- _BRIEF_:
Any pictures in the records below must be left out when you repeat the lines from the line containing "SANDWICHERA GRILL INOXIDABLE" through the line containing "Slimline doska stola pre opierku nôh" exactly.

- _TASK INPUT_:
◇ ◇ ◇
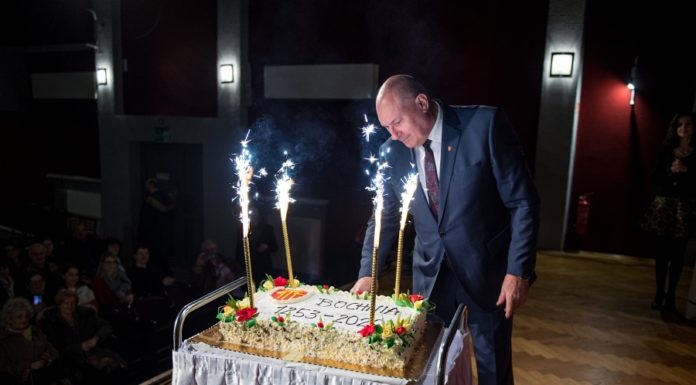 Urodziny Bochni. Burmistrz do mieszkańców: „Żeby nam w tym mieście działo się lepiej”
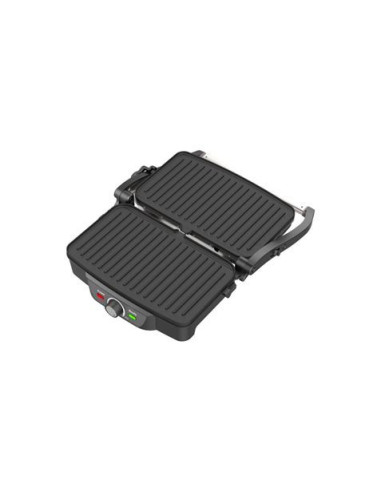 SANDWICHERA GRILL INOXIDABLE 1600W 180º MUVIP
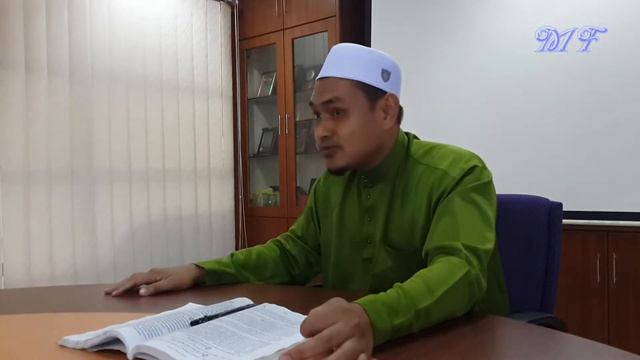 USTAZ FAWWAZ ( MAY 2014) - HUKUM ZIHAR смотреть онлайн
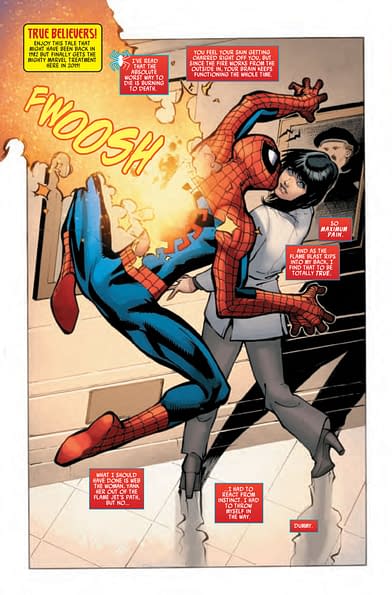 特撮 Spider-man Orgins - Spider-man in Black Spider Suit The Original Origin of Spidey's Black Costume in Sensational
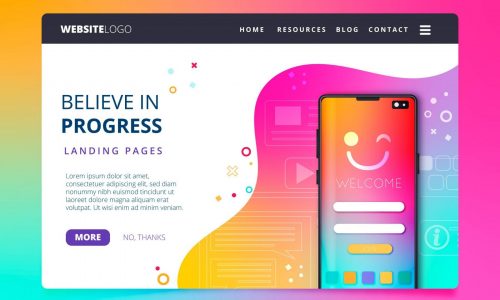 Cómo crear una landing page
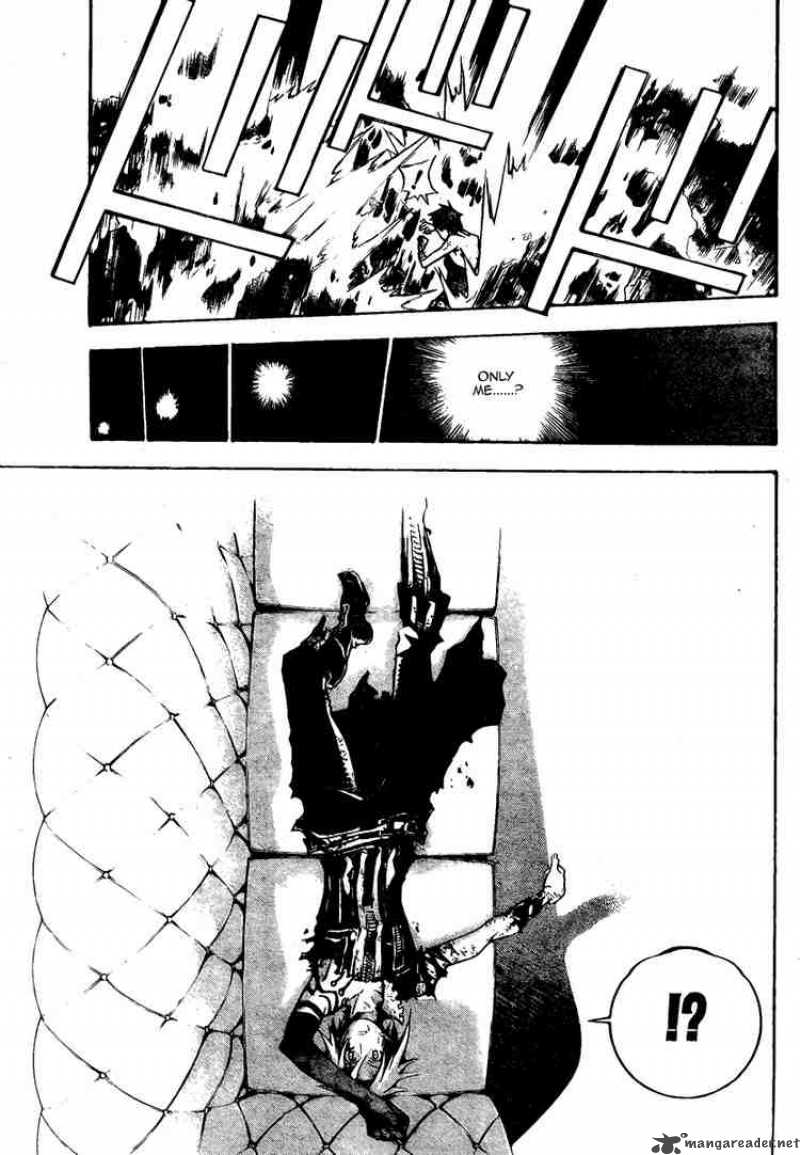 Dgray Man 131 13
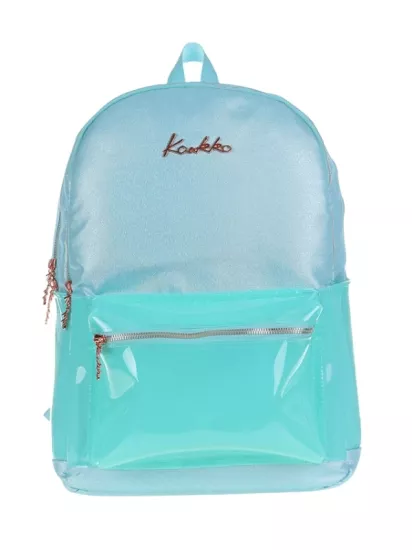 Kaukko K1579 Amazıng Sırt Çantası Blurry Turkuaz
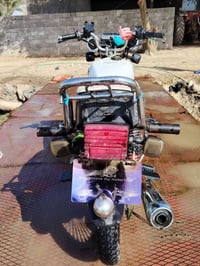 تايكر سونك • موديل ٢٣ • ناحية مهناويه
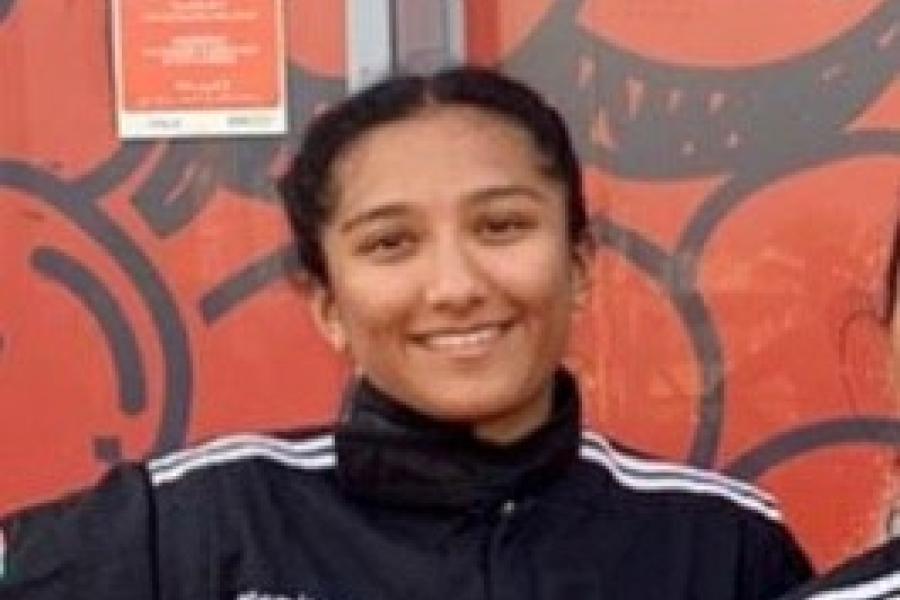Aaliyah Mukhtar 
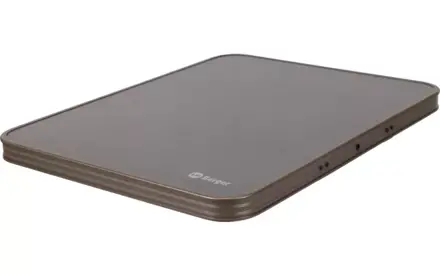 Slimline doska stola pre opierku nôh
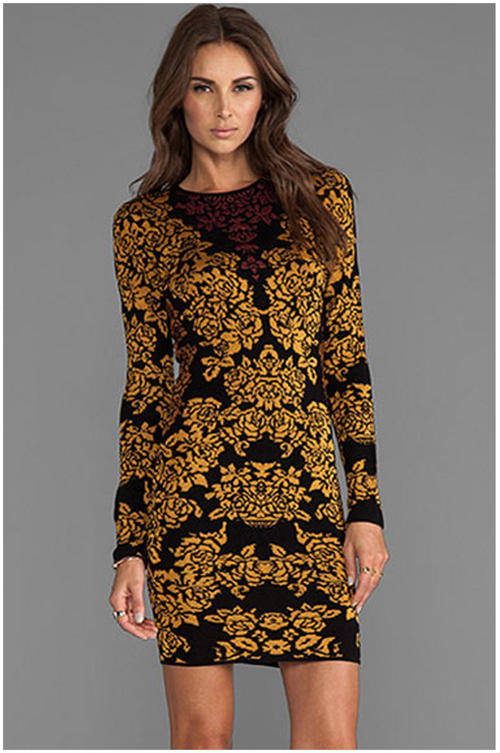!!! CLEARANCE !!! BEAUTIFUL LONG SLEEVE DRESS/ PARTY DRESS IN SIZE S,ML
◇ ◇ ◇
- _SOLUTION FOR THIS EXERCISE_:
 SANDWICHERA GRILL INOXIDABLE 1600W 180º MUVIP
 USTAZ FAWWAZ ( MAY 2014) - HUKUM ZIHAR смотреть онлайн
 特撮 Spider-man Orgins - Spider-man in Black Spider Suit The Original Origin of Spidey's Black Costume in Sensational
 Cómo crear una landing page
 Dgray Man 131 13
 Kaukko K1579 Amazıng Sırt Çantası Blurry Turkuaz
 تايكر سونك • موديل ٢٣ • ناحية مهناويه
Aaliyah Mukhtar 
 Slimline doska stola pre opierku nôh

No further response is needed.